**What needs to be done:** Write out the lines below exactly, beginning at the one with "Panasonic Cordless Phone" and stopping after the one with "Custom Neon Green"; the pictures are not copied.

**Data supplied:**
----------------------------------------

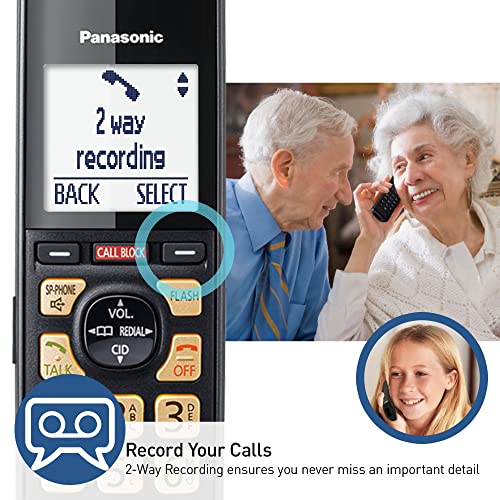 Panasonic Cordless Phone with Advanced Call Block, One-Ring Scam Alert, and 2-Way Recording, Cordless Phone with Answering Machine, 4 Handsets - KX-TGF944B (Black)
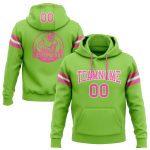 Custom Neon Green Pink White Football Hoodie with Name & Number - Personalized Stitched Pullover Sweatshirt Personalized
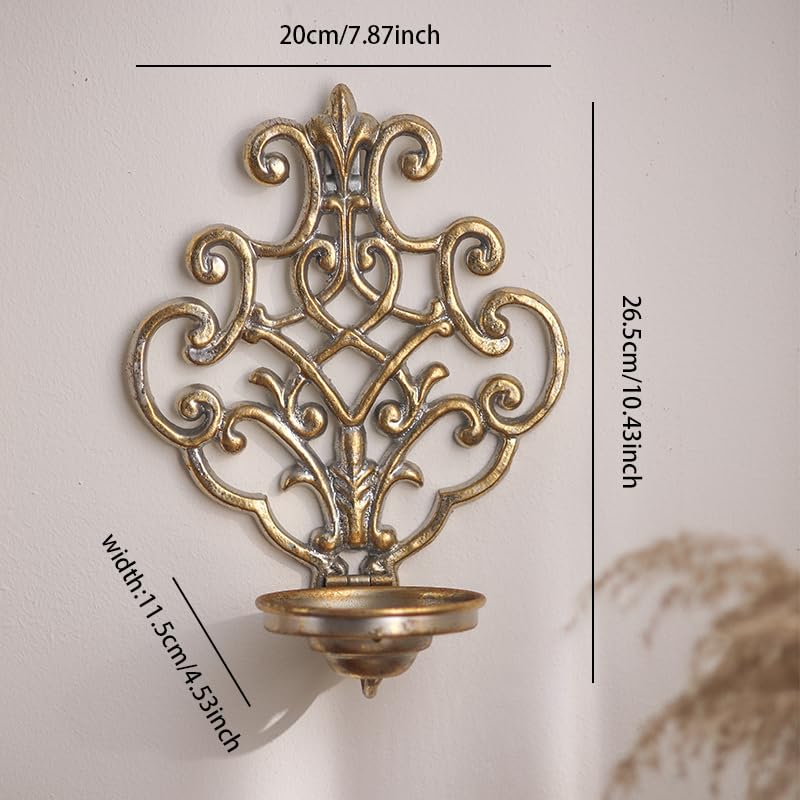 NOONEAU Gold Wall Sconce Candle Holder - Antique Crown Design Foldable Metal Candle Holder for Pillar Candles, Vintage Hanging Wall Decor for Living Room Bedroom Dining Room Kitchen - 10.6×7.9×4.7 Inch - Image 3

----------------------------------------

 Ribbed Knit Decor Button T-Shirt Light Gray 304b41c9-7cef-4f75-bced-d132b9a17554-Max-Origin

----------------------------------------

**Result for this exercise:**
 Panasonic Cordless Phone with Advanced Call Block, One-Ring Scam Alert, and 2-Way Recording, Cordless Phone with Answering Machine, 4 Handsets - KX-TGF944B (Black)
 Custom Neon Green Pink White Football Hoodie with Name & Number - Personalized Stitched Pullover Sweatshirt Personalized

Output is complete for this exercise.